Here we will write a 'AttentionBasedClassifier' `class` that will take as input a list of vectors and return a list of probabilities over the possible classes. The classes should be contextualized with the input vectors, using attention.

🚧 **TODO** 🚧

Write a class named "ClassAttention" that will take as input a list of word vectors, contextualize the embeddings over the classes and return a list of probabilities over classes.

**HINT** Split the architectures into modular blocks.

In [None]:
class Linear(nn.Module):
    def __init__(self, d_in, d_out, add_bias=True):
        # TODO
        super().__init__()
        self.proj_matrix = nn.Parameter(torch.randn(d_out, d_in))
        if add_bias:
            self.bias = nn.Parameter(torch.randn(d_out))
            self.add_bias = True
        else:
            self.add_bias = False

    def forward(self, x):
        x_out = self.proj_matrix @ x.transpose(1, 2)
        if self.add_bias:
            x_out = x_out + self.bias[None, None, :]
        return x_out.transpose(1, 2)


class LayerNorm(nn.Module):
    def __init__(self, d, eps=1e-5):
        super().__init__()
        self.gamma = nn.Parameter(torch.randn(d))
        self.eps = eps

    def forward(self, x):
        # x is (B, L, D)
        x_norm = x - x.mean(axis=2, keepdim=True)  # x_mean should be (B, L)
        var = x.var(axis=2, keepdim=True)
        x_norm = x_norm / torch.sqrt(var + self.eps)
        x_norm = x_norm * self.gamma[None, None, :]
        return x_norm

Pour construire l'attention

**Init**

- définir les matrices de projection (paramètres), $Q, K, V \in \mathbb{R}^{d \times d}$ (avec la class `Linear`).

**Forward**
- input vectors $x \in \mathbb{R}^{B\times L\times D}$
- les 3 projections, on a $q, k, v\in \mathbb{R}^{B \times L \times D}$.
- calcule la "similarité", $\forall i \in [1, L], \forall j \in [1, L], \ s_{ij} = q_i ^T k_j$.
- normaliser les scores (avec le softmax) $s_{ij} = \dfrac{e^{s_{ij}}}{\sum_{l=1}^L e^{s_{il}}}$
- on calcule les vecteurs de sortie: $y_i = \sum_{j=1}^L \alpha_{ij} v_j$.

In [None]:
q = torch.randn(2, 3, 5)
k = torch.randn(2, 3, 5)
s = q @ k.transpose(1, 2)

In [None]:
q = torch.randn(3, 5)
k = torch.randn(3, 5)
s = q @ k.T
print(s.shape) # (3, 3)

IndentationError: unexpected indent (<ipython-input-16-9ad19f0dd3c6>, line 3)

In [None]:
import math
class Attention(nn.Module):
    def __init__(self, d):
        super().__init__()
        self.q_proj = Linear(d, d, add_bias=False)
        self.v_proj = Linear(d, d, add_bias=False)
        self.k_proj = Linear(d, d, add_bias=False)

    def forward(self, x):
        q = self.q_proj(x) # (B, L, D)
        k = self.k_proj(x) # (B, L, D)
        v = self.v_proj(x) # (B, L, D)

        s_ij = q @ k.transpose(1, 2) # (B, L, L)

        # optionnel
        d = x.shape[2]
        s_ij = s_ij / math.sqrt(d)

        # a_ij = torch.exp(s_ij)
        # a_ij = a_ij / a_ij.sum(dim=2, keepdim=True)

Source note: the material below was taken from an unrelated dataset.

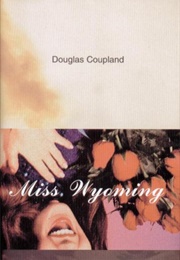Miss Wyoming (Douglas Coupland)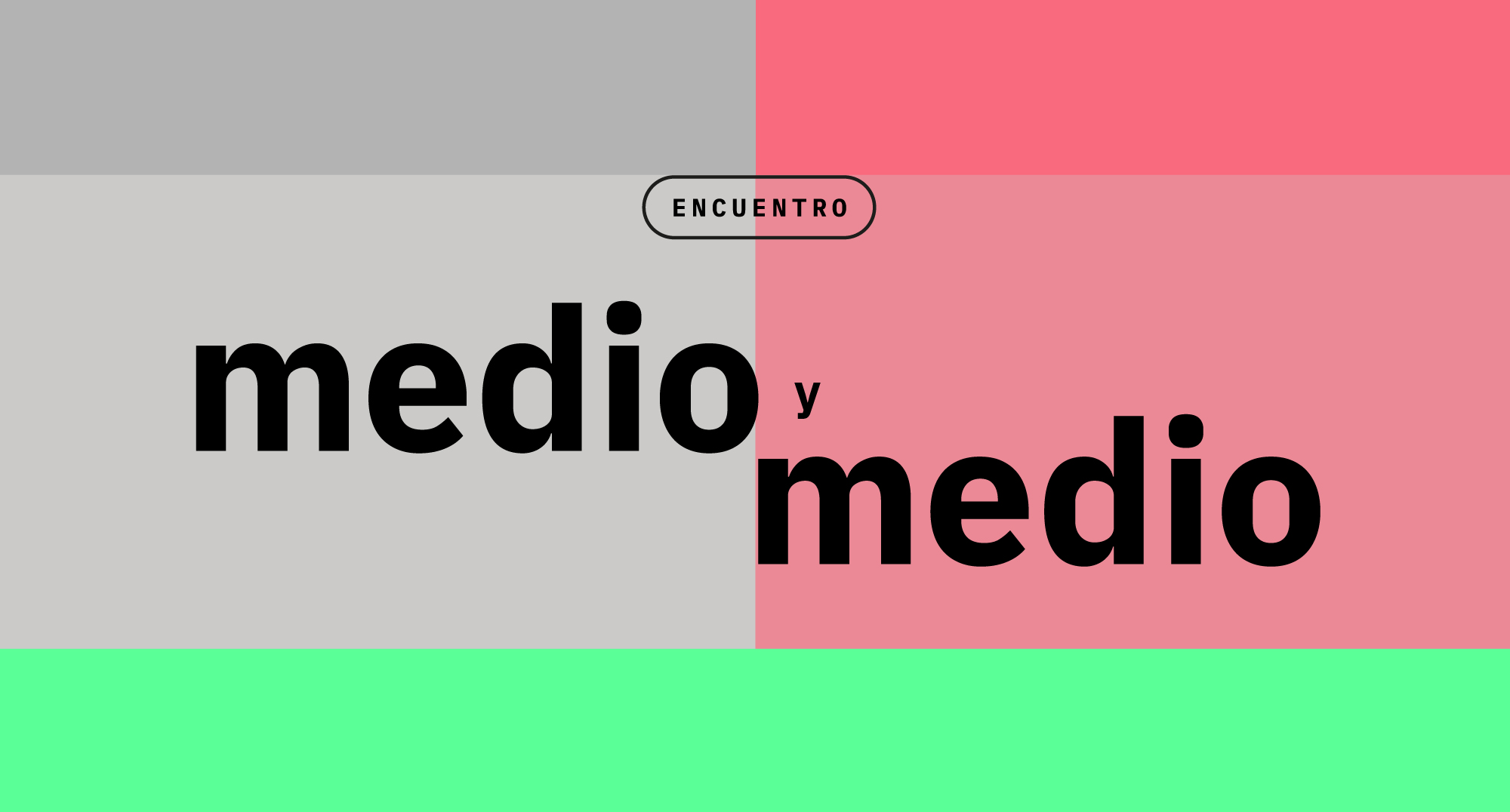 Encuentro medio y medio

        a_ij = torch.nn.functional.softmax(s_ij, dim=2) # (B, L, L)
        y = a_ij @  v

        return y





In [None]:
B = 4
L = 10
d = 8
a = torch.randn(B, L, L)
v = torch.randn(B, L, d)
y = a @ v
print(y.shape)
# i = 1
# attention_i = a[0, i] # (L)
# y_i = (v[0] * attention_i[:, None]).sum(axis=0) # d
# print(y_i.shape)

torch.Size([4, 10, 8])


In [None]:
# Try the model on a simple input:
model = Attention(d=d)
x = torch.randn(B, L, d)
output = model(x)
print(output.shape)

torch.Size([4, 10, 8])


🚧 **TODO** 🚧

Update the code above such that it takes as argument an `attention_mask` for padding.

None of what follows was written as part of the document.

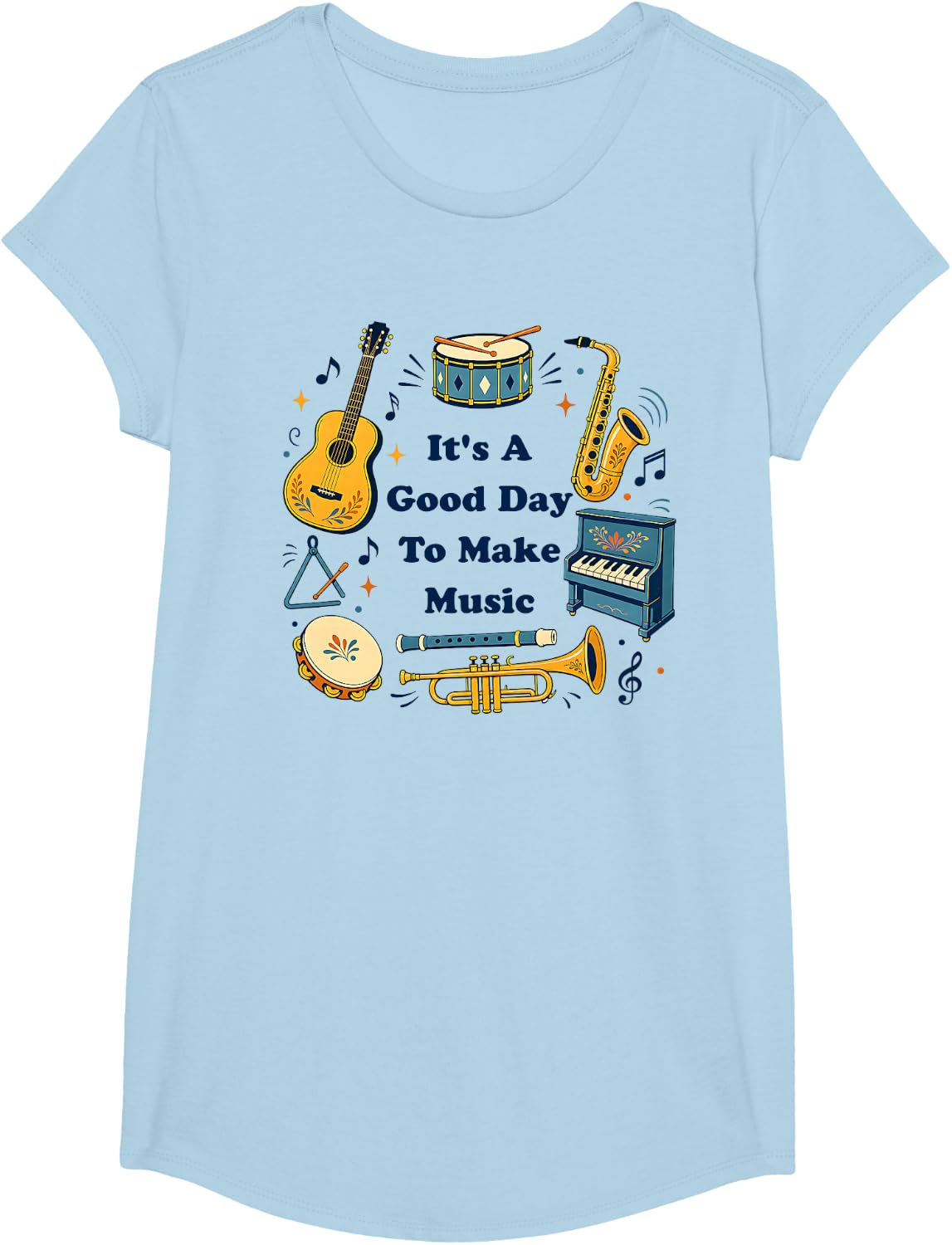 It's a Good Day to Make Music Teacher T-Shirt - Girls Baby Blue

Use this `attention_mask` to modify the attention computation such that padding tokens do not interfere in the computation.

In [None]:
# TODO
INF = 1e10


class MaskedAttention(nn.Module):
    def __init__(self, d):
        # TODO

    def forward(self, x, pad_mask):
        # TODO

🔴 **TEST**

In [None]:
model = MaskedClassAttention(d=50, n_classes=4, vocab_size=10000)

seq_len = 10
x_without_pad = torch.randint(0, 10000, (1, seq_len))
attention_mask = torch.ones(1, seq_len)
out_without_pad = model(x_without_pad, attention_mask)

x_with_pad = torch.randint(0, 10000, (1, 2 * seq_len))
attention_mask = torch.ones(1, 2 * seq_len)
attention_mask[:, seq_len:] = 0
out_with_pad = model(x_with_pad, attention_mask)

assert out_without_pad.shape == out_with_pad.shape

In [None]:
batch_size = 4
n_train = len(dataset["train"])
n_valid = len(dataset["test"])
data_collator = DataCollator(tokenizer)
train_dataloader = DataLoader(
    dataset["train"], batch_size=batch_size, collate_fn=data_collator, shuffle=True
)
valid_dataloader = DataLoader(
    dataset["test"], batch_size=batch_size, collate_fn=data_collator, shuffle=True
)

model = MaskedClassAttention(d=10, n_classes=4, vocab_size=len(tokenizer))
train(
    model,
    train_dataloader=train_dataloader,
    valid_dataloader=valid_dataloader,
)